Yes but email is only a second factor when used in addition to a first factor (e.g. password). If it’s just magic link without password, then email is the only factor
The best I've seen was yesterday where a website had the log-in button greyed out after the password manager filled my creds in.
So I had to manually click both the email and password field. Just click them. Then it enabled the log-in button.
So someone took their time to write a piece of JS that said "If the user hasn't focused both fields at least once, no login". Literally why? Extra code that does nothing useful.
I was hoping passkeys would be the solution to this madness, but it seems to me the entire spec gives too much power to the OS Makers and too little to the users because "mUh AtTtEsTatIoN" so now I don't know anymore
I've definitely run into that. Even more frustrating is when there was one particular site that forced me to actually delete the last character of my password and then retype it. Just focusing in the field wasn't enough, I had to actually send it a keystroke. And Ctrl-V to paste the password in manually didn't count. I suppose typing a random character at the end and then deleting it would have worked too.
When ctrl+v is disabled to "prevent brute force bots" or something ridiculous
My utitlies website doesn't let you login if the password field is autofilled by the browser. Whatever Angular-based form validation they are using doesn't play nice with Firefox's saved password feature. You have to manually type something in the password field, so I always add and remove a space from the password.
I sent an email to their support, hoping they would fix it, but they just responded saying that they can't reproduce it.
Well, I can reproduce it. I even told you how. That sounds like a skill issue.

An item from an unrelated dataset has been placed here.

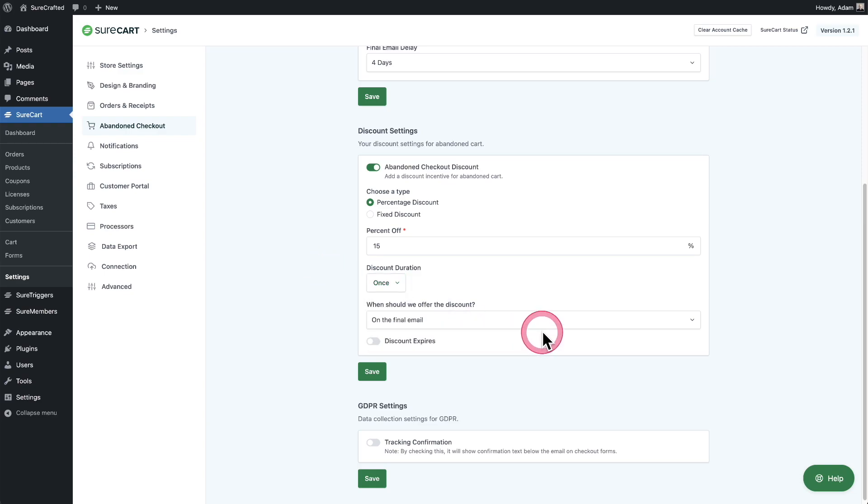Then when do you want this offer of the discount to be sent to them? Typically you're going to want to make this in the last email. It depends on your business though. I usually set this to be the final email. If they haven't completed the checkout after the first or the second email on that third email, you can say 15%, but you've got to do it now.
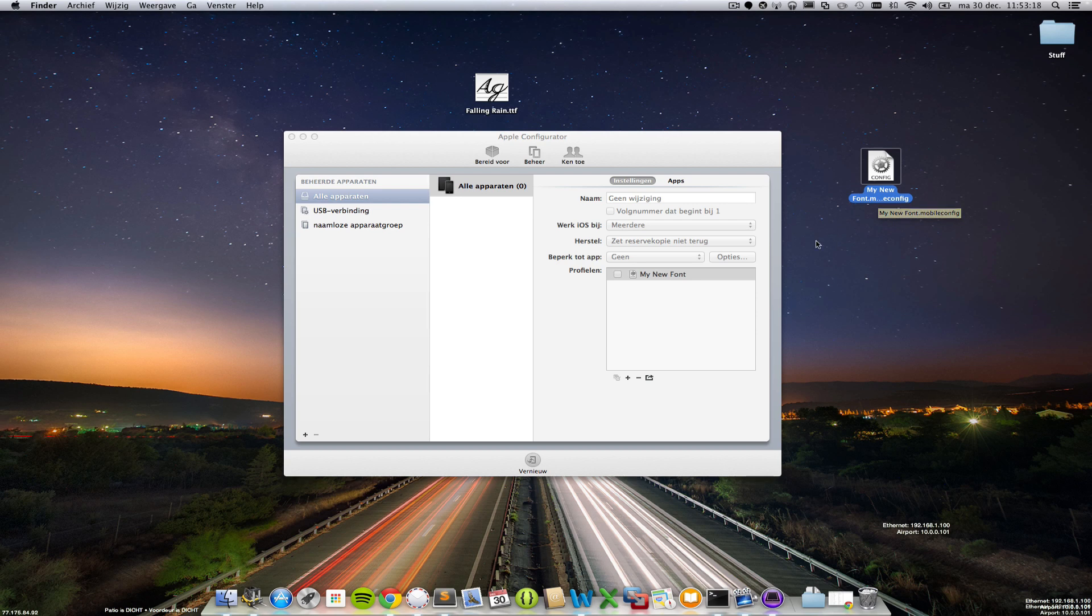Okay click save and after a while you have a new profile, my new font.mobileconfig. Alright that's it. The last thing you have to do is upload this file to your iDevice.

Very few things on the internet and computer actually need accounts. Everything requiring a login is a cancer.
Yes and no in most cases it is used to limit misuse somewhat but i absolutely agree that its taking over hand. God bless trashmails.
Or worse:
Use email link -> use password instead
Enter password
Now enter the code that we sent you your email...
2 factor authentication, only when you feel like it.
They might as well be piping the password to /dev/null
Password manager users living life on easy mode.
HEY BUT DO YOU WANT TO USE A PASSCODE?? PASSCODE! PASSCODE! USE THE PASSCODE! -_-
But you know what’s the safest way for us to keep your password safe? Not asking for one to begin with. By not creating a password with us you have no risk of it leaking, and we don’t have to deal with the responsibility of keeping it secure. The sign in link is going to your email, which presumably is protected with two-factor authentication, if you have it set up (which you should!).
https://www.404media.co/we-dont-want-your-password-3/
They had a follow up later too (paywall)
God I hate those stupid magic links. They're WAAAAYYY slower than just using my password manager.
AND they kinda contribute to locking you into Big Tech. I sometimes have problems with those stupid links because I don't have a Gmail account. Somewhere along the stupid chain there's probably some stupid check that delays or blackholes emails to non-big-tech domains.
Based.
Email is terrible. It's an unreliable communication system. You cannot depend on sent emails arriving in the recipient's mailbox—even the spam folder.
People incorrectly assume that all emails at least get to their spam folder. They don't. There are multiple levels of filters that prevent most emails from ever making it that far because most email traffic is bots blasting phishing links, scams, and spam. Nobody wants phishing and scam emails, but the blocks that prevent those are being used by big tech to justify discriminating against small mail servers.
I can't remember the site, now, but I literally couldn't log into one this week because the email never arrived.
Ah but you see it's one factor of authentication that also conveniently loops in whichever email provider is spying on you
As an autistic person I felt this in my bones. I cannot STAND email based authentication.
Just let me use passkeys at this point. The way that people typically use passwords is less secure anyway, why not just make it as simple as possible?